● **Recorded information**:
....
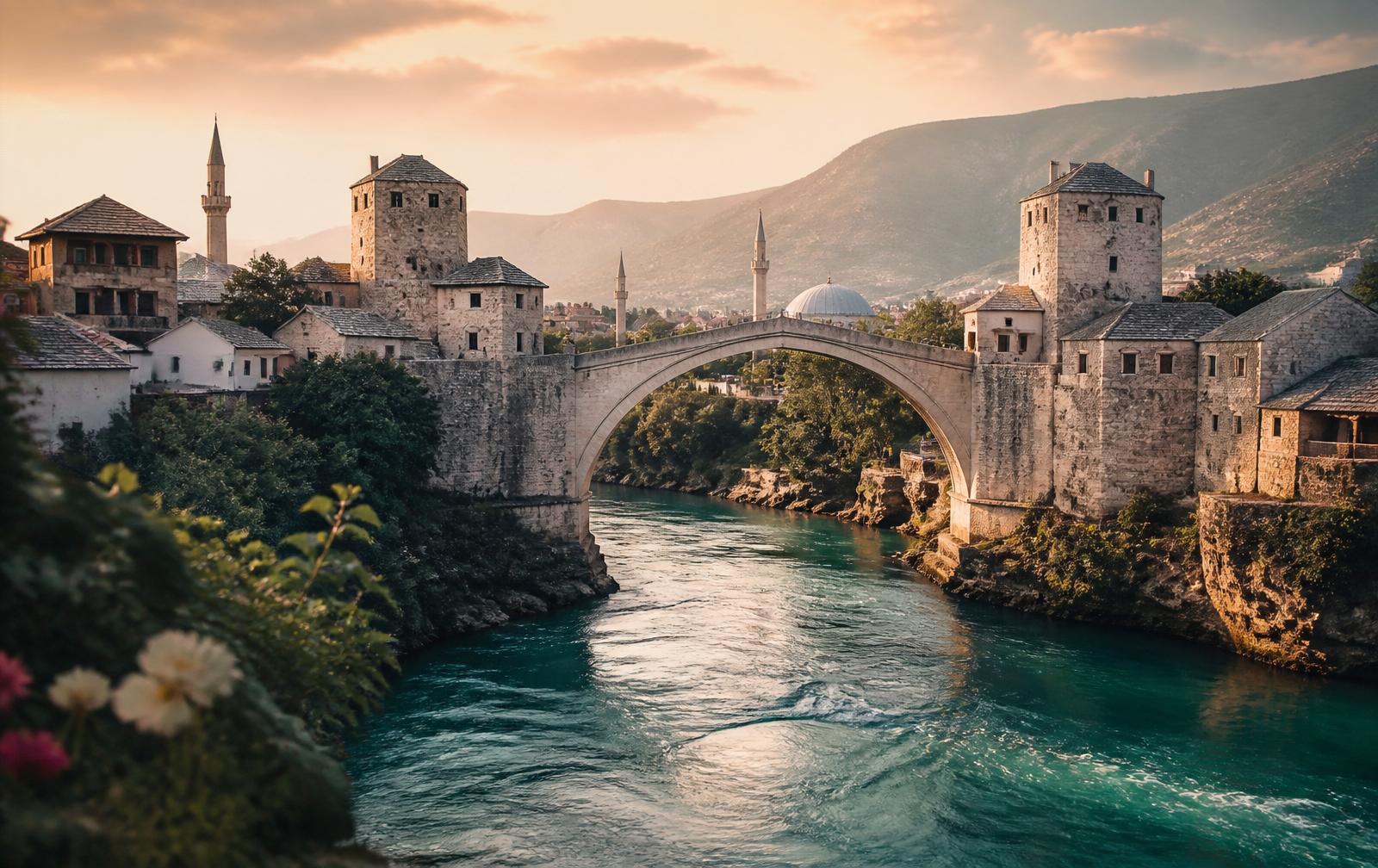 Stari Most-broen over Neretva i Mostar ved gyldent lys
....
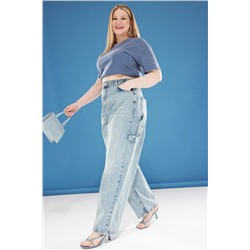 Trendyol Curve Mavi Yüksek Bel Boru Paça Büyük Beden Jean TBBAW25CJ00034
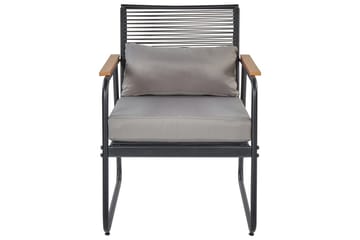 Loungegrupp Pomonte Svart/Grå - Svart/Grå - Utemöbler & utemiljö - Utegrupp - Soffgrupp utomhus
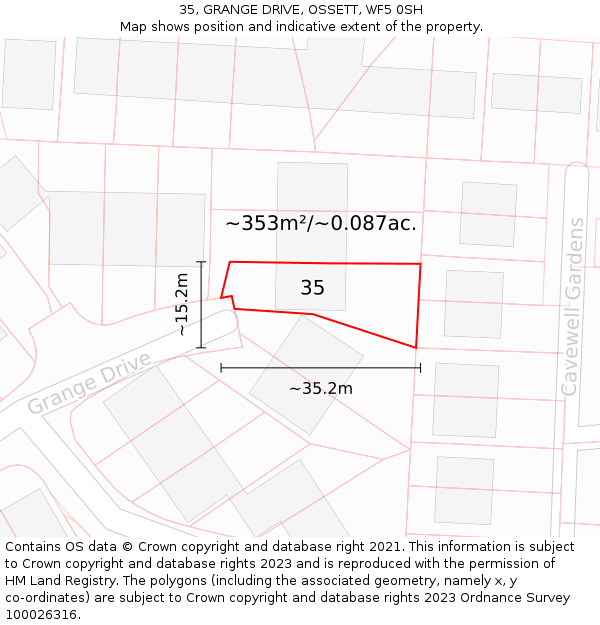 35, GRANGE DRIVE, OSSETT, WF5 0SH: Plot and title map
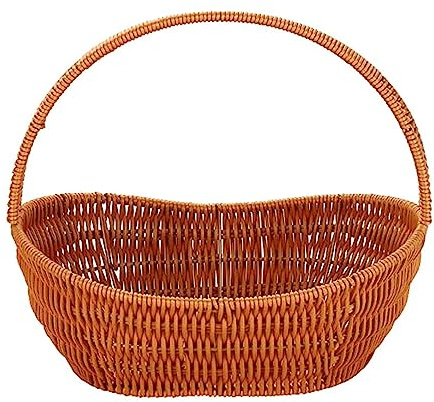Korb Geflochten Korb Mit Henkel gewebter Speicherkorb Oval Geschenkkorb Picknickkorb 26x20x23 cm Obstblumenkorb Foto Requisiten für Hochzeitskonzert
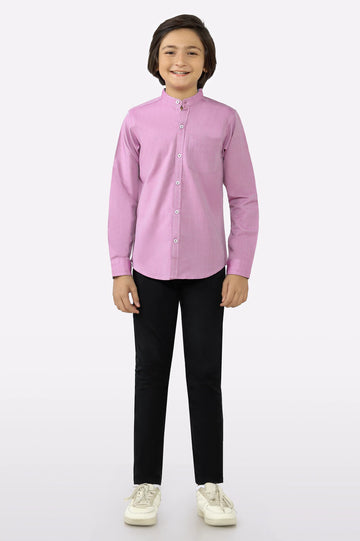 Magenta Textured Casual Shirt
....
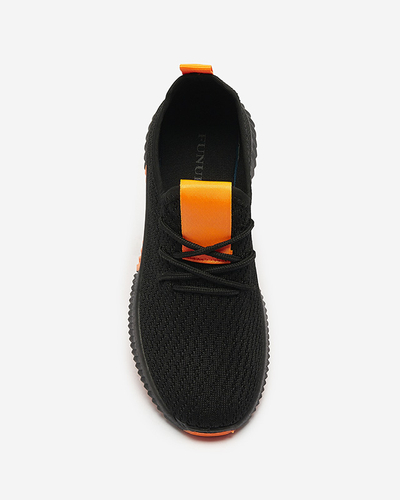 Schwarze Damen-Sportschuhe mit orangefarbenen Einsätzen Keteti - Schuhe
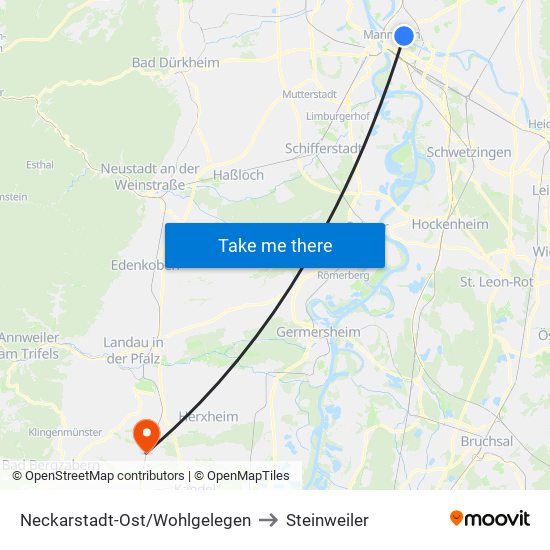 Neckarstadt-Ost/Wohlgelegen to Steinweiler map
....
● **Exercise brief**:
In the records above, find the line with "Schwarze Damen-Sportschuhe mit" and the line with "Neckarstadt-Ost/Wohlgelegen to Steinweiler"; please transcribe exactly those two lines and all lines between them, omitting any picture.

● **Task result**:
 Schwarze Damen-Sportschuhe mit orangefarbenen Einsätzen Keteti - Schuhe
 Neckarstadt-Ost/Wohlgelegen to Steinweiler map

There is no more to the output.